The thing that clicked today: the public entrance to my homelab was riding on the one machine I reboot the most, so every time I touched that box, everything I host went dark. Today I moved the front door to a machine of its own.
Built / shipped
A dedicated machine just for the tunnel. Everything I serve to the public goes out through a single encrypted tunnel. That tunnel used to run on a busy compute box, so a reboot of that box dropped my whole public surface at once: the site, the tools, the shared views. I moved the tunnel onto a small Raspberry Pi whose only job is to be that entrance.
Its own way out. I gave that Pi its own path to the internet instead of borrowing another machine's, so it no longer depends on anything else staying up to reach the outside world.

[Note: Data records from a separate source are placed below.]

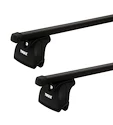 Dachträger Thule mit SquareBar Chrysler Grand Caravan 5-T MPV T-Profil 04-07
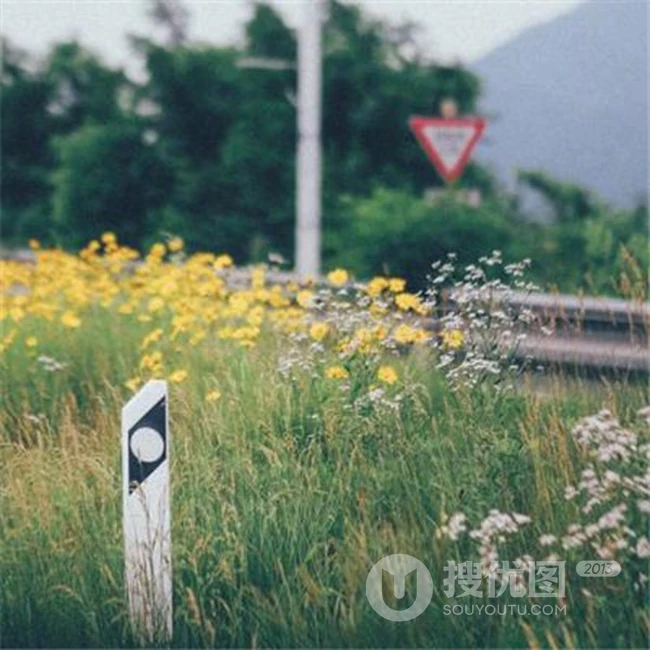 唯美小清新户外草地等场景意境美图欣赏 第4张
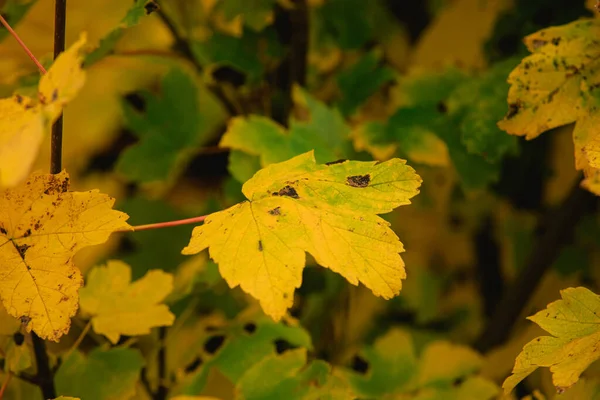 Yellowed Degraded Maple Leaf Hangs Branch Maple Yellow Leaves Late — Fotografia de Stock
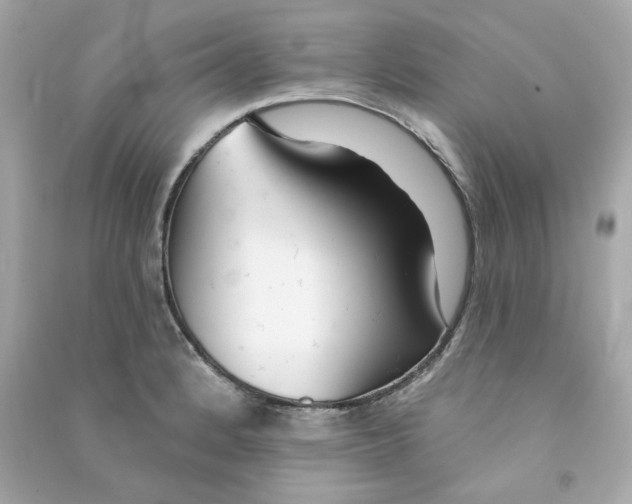 X0000090461184200708102104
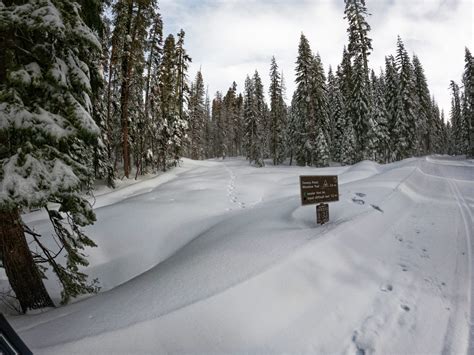 Badger Pass Photo Gallery - Yosemite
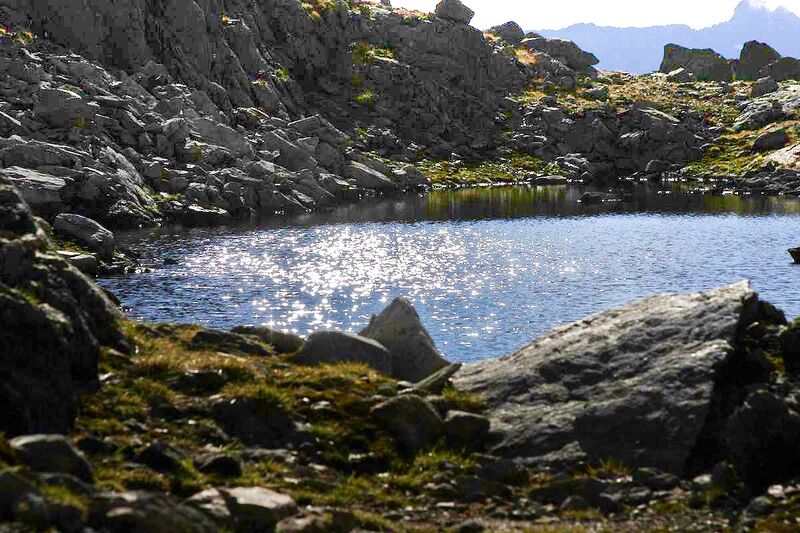 Datei:Goldlacken 0332 2013-10-08.jpg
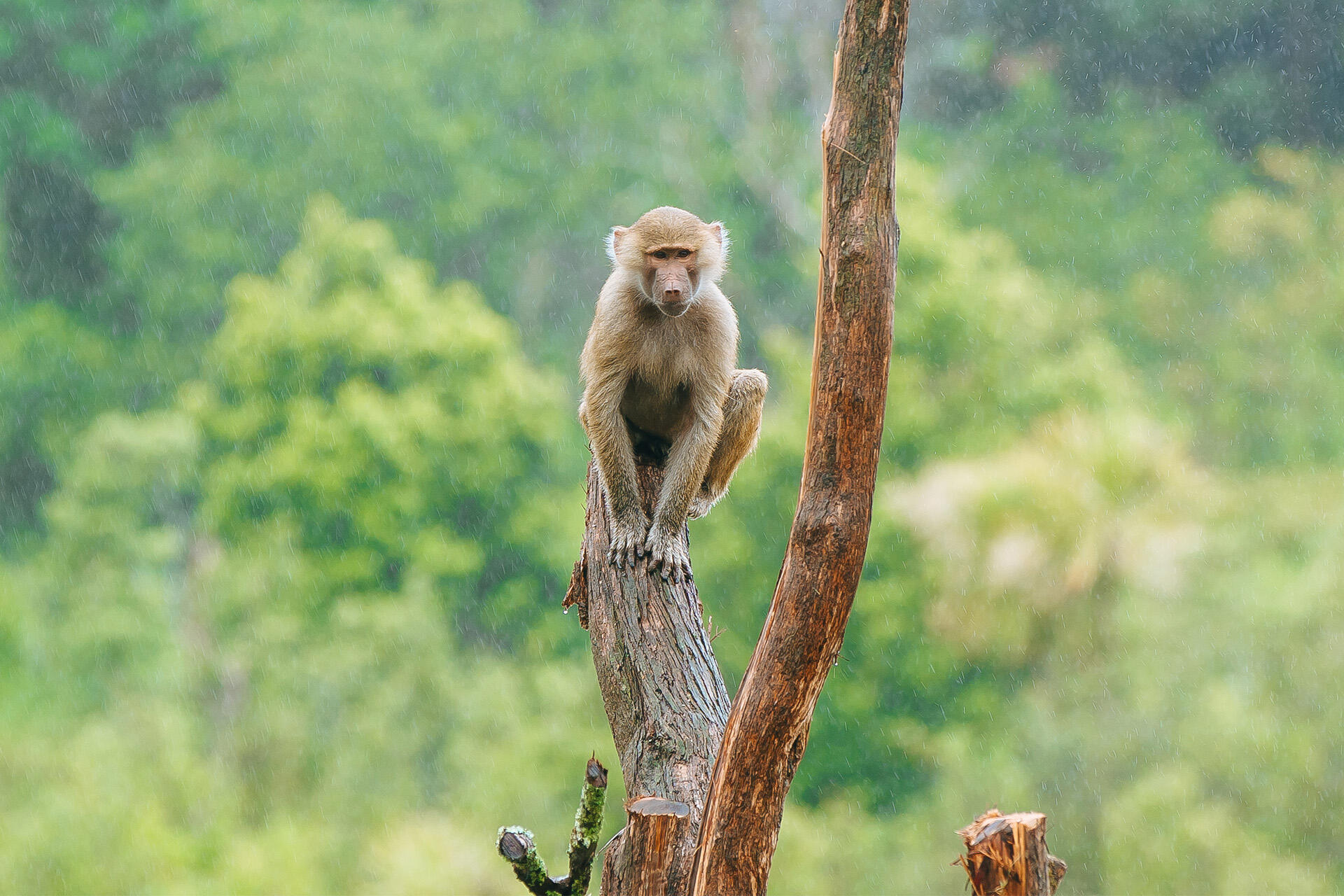 https://cdn.aucklandunlimited.com/zoo/assets/media/az-baboon-new-shelter-151124-22.jpg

Stable addresses everywhere. I repointed every service the tunnel serves to fixed private addresses on my mesh network, instead of ones that could change when the home network reshuffles. That was the same class of thing that had knocked routes offline before.
Problems & fixes
The dependency was hidden until it bit. The setup worked fine right up until I rebooted for an unrelated reason and watched everything public go down with it. The fix was structural, not a patch: give the entrance its own machine and its own uplink so nothing else can take it down.
A backup entrance. Rather than fully retire the old path, I kept it as a standby, so there are two ways in if the primary has a bad day.
Decisions
The thing everyone reaches should be boring and single-purpose. A front door should do one job and be the most stable box in the house, not share space with whatever I am actively hacking on.

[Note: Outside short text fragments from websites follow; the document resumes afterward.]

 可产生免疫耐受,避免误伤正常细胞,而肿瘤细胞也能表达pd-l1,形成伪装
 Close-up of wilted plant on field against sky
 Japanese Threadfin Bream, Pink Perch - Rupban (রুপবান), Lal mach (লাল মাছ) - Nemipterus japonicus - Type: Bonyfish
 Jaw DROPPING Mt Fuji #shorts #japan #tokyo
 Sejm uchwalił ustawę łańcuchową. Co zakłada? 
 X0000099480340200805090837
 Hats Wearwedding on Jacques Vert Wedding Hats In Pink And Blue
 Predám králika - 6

Isolate, do not merge. I kept the storage network walled off instead of bridging it to solve this, because the isolation is worth more than the convenience.
Learned
A single reboot is a great test of what is secretly coupled to what. The outage told me exactly which pieces were leaning on that one machine, and the list was longer than I expected.
Still open / next
With the front door stable, the next annoyance was the machines themselves: I still reached each one a little differently. Making them all reachable the same way, without passwords, is the thread I pulled next.